The district court adopted the companies' interpretation of the regulations, and declared the 294 million pounds of sugar eligible for the 1977 Loan Program. Because we have concluded that the district court was without jurisdiction to consider the eligibility question at the time its judgment was entered, we do not reach the issue of the propriety of the USDA determination that a portion of plaintiffs' sugar was ineligible for the 1977 Loan Program.
Although the matter was mentioned in oral argument before the trial court, it does not appear from the record that the jurisdictional question occupied the same prominence there as it does here. In this Court, however, the first ground for reversal urged by the Secretary is that the trial court lacked jurisdiction to decide the case at the time it entered summary judgment in favor of the sugar companies. The Secretary bases this argument on the fact that several months prior to the entry of summary judgment, the companies repaid the loans involved. Repayment of the loans, argues the Secretary, obviated any need for injunctive relief, either to prohibit the Secretary from recalling the loans or to require him to extend the loans.

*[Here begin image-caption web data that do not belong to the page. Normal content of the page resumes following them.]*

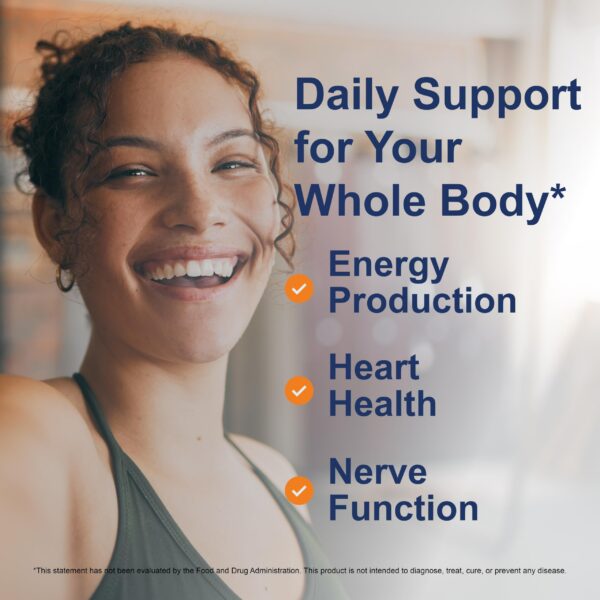 Niacina Carlson envase presentada 300 tabletas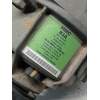 Recambio de diferencial trasero para hyundai tucson (jm) referencia OEM IAM 4780039000  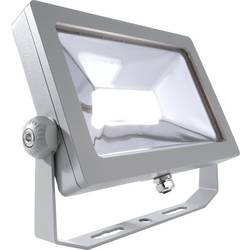 Deko Light Flood SMD 732149 LED reflektor Energetická třída (EEK2021): E (A - G) 15 W neutrální bílá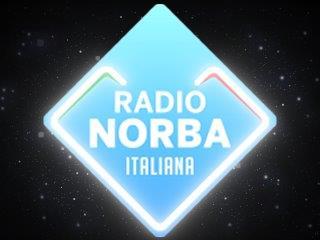 Slideshow Capture DAB R-NORBA Italia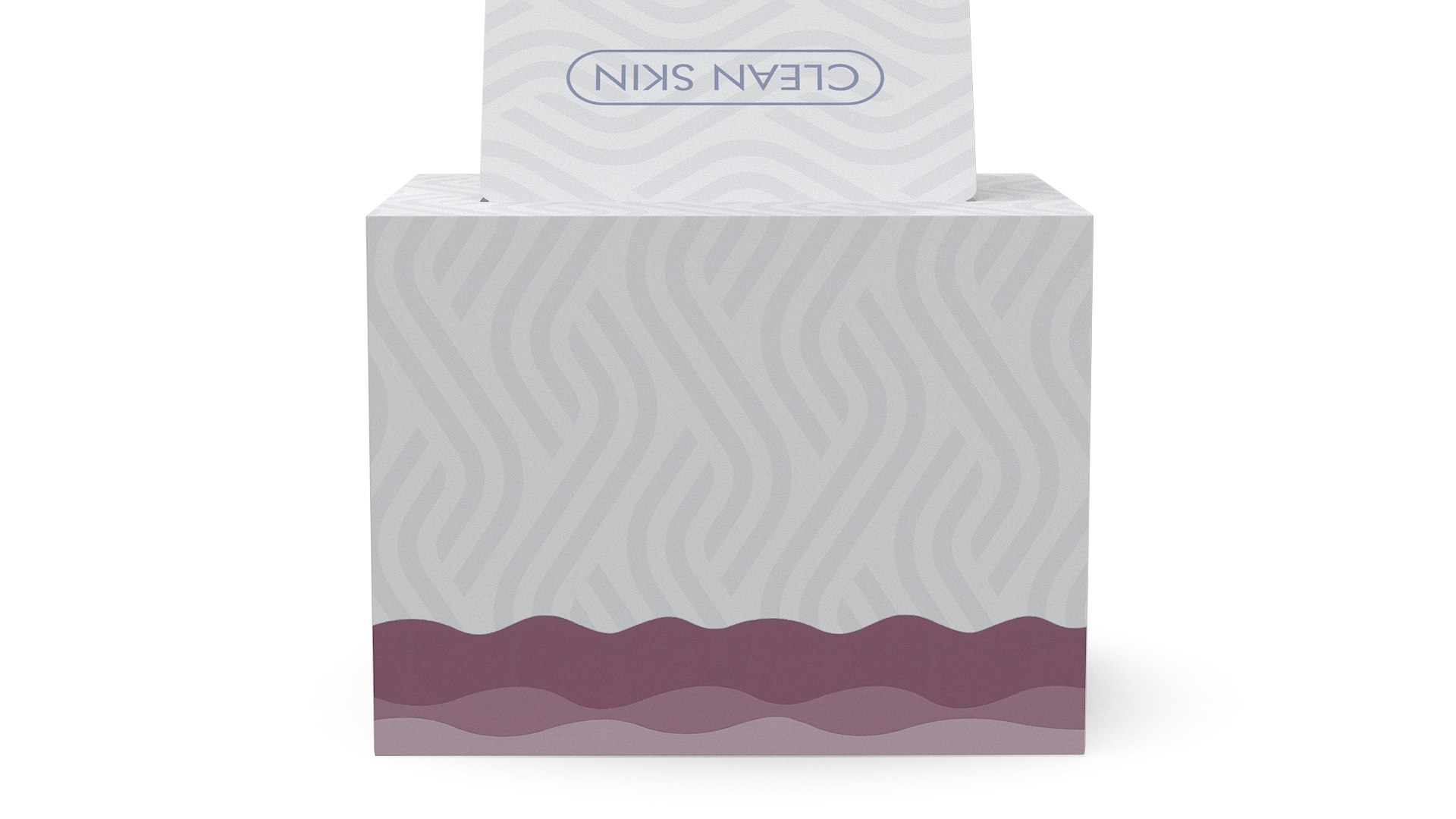Paper Towel Box Empty 3D model https://p.turbosquid.com/ts-thumb/xn/DaZ9dA/LO/papertowelboxempty3dsmodel012/jpg/1720501236/1920x1080/fit_q87/f78a6e7ae5b45ca7e30a6179395a1b7eecf194e7/papertowelboxempty3dsmodel012.jpg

Thus, the Secretary contends, the only remaining justiciable claim arising out of the 1978 determination of ineligibility concerns collection by the plaintiffs of storage payments available under the 1977 Extended Loan Program. No claim for money was made in the present proceeding, and the Secretary asserts that such a claim could only be brought in the United States Court of Claims.

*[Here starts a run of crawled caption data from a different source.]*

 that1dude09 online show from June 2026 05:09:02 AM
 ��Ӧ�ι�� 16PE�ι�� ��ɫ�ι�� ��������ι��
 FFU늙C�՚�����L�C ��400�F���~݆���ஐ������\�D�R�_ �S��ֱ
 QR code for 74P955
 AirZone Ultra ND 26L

The loans were repaid pursuant to a stipulation between the parties, which provided, inter alia: (1) that plaintiffs' sugar would have been deemed eligible by the USDA as collateral for the Loan Program and the 1977 Extended Loan Program but for the switch in accounting methods; and (2) that if the plaintiffs prevail in the subject litigation, the Secretary will pay to the plaintiffs all benefits accruing under the 1977 Loan Program and the 1977 Extended Loan Program.
The sugar companies agree that they have made no claim for storage fees in the present proceeding. However, they concede that their ultimate goal is to recover storage payments in the amount of $700,000 from the USDA. In this regard, counsel for the plaintiffs frankly advised the court below that a declaratory judgment that the sugar in question was eligible for the 1977 Loan Program was but the first step in their effort to recover storage payments which they believed were due them under the 1977 Extended Loan Program. Apparently, it is plaintiffs' position that they are entitled to a declaratory judgment that their sugar was "eligible" for government loans, and, then, armed with such a declaration, they will go elsewhere, possibly back to the Secretary first, and then, in the event of an adverse ruling by the Secretary, to the United States Court of Claims, to collect some $700,000 in storage payments.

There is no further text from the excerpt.